__Work task__. Pictures are to be left out, and only the lines from the one containing "1991 Topps Cracker" through the last line of the data are to be returned exactly.
Start of Recorded information
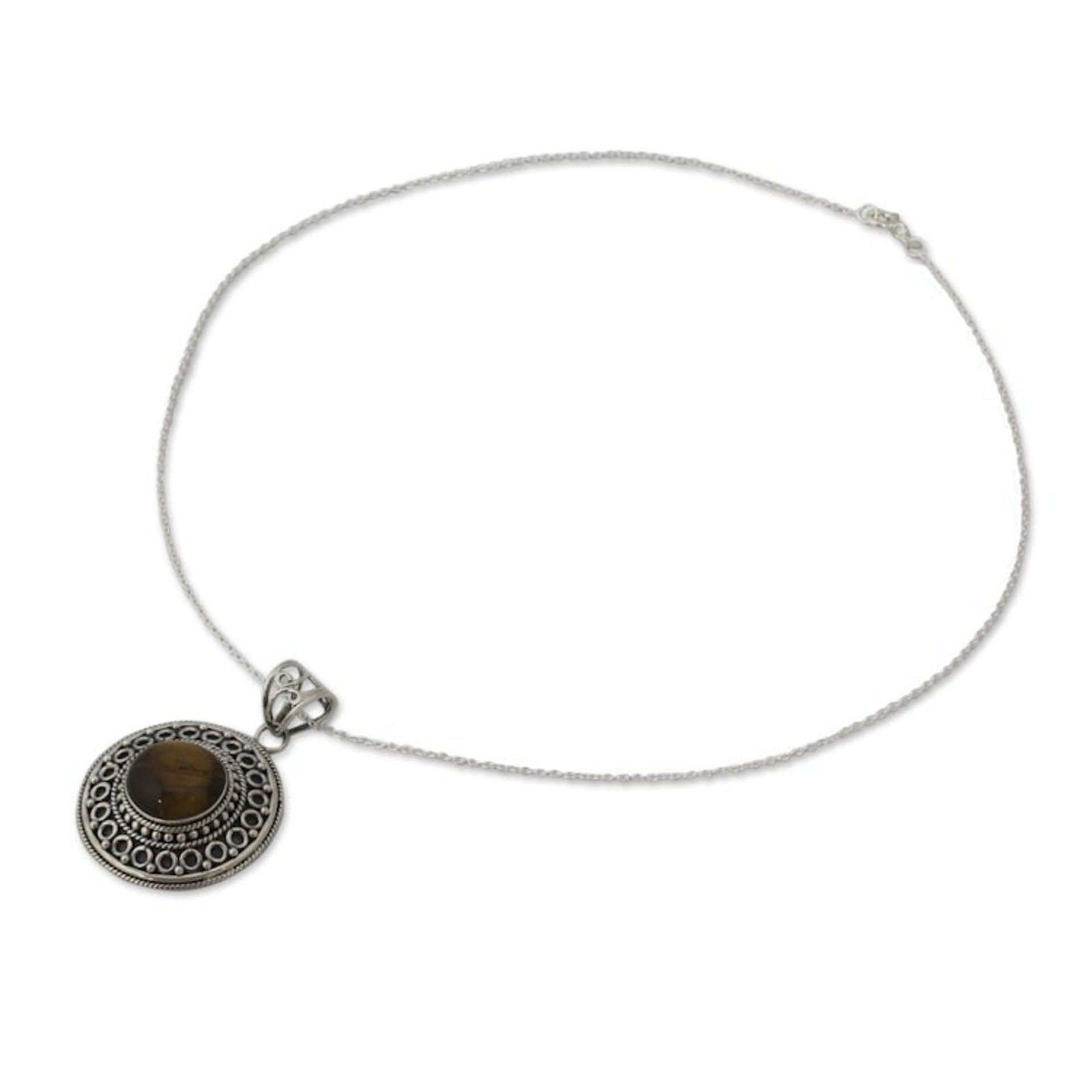 Sterling Silver Necklace with Tiger's Eye Pendant 'Power'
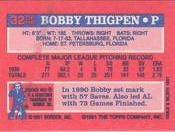 1991 Topps Cracker Jack Series One #32 Bobby Thigpen Back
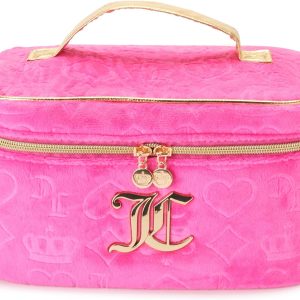 Juicy Couture Hot Pink Makeup Bag Cosmetics Organizer Travel Essentials Train Case Velour Heart Crown-0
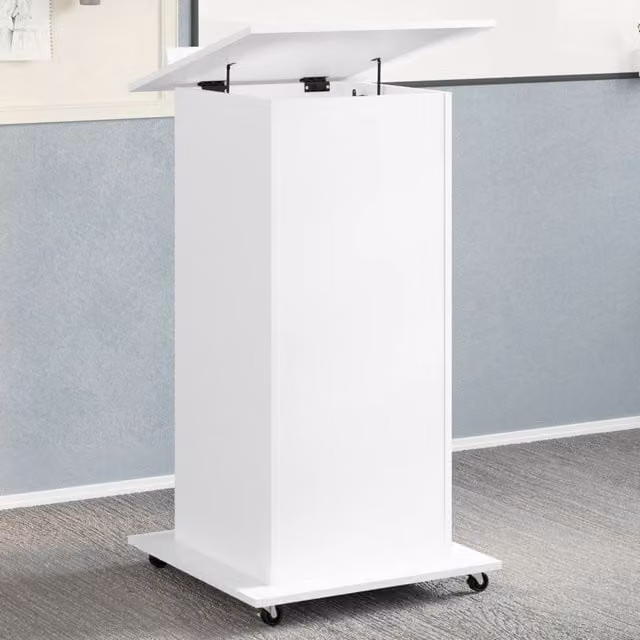 Berkfield Home Lectern with Wheels and Drawer in White, W/D/H: 55 x 55 x 107 cm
End of Recorded information
__Result of this exercise__.
 1991 Topps Cracker Jack Series One #32 Bobby Thigpen Back
 Juicy Couture Hot Pink Makeup Bag Cosmetics Organizer Travel Essentials Train Case Velour Heart Crown-0
 Berkfield Home Lectern with Wheels and Drawer in White, W/D/H: 55 x 55 x 107 cm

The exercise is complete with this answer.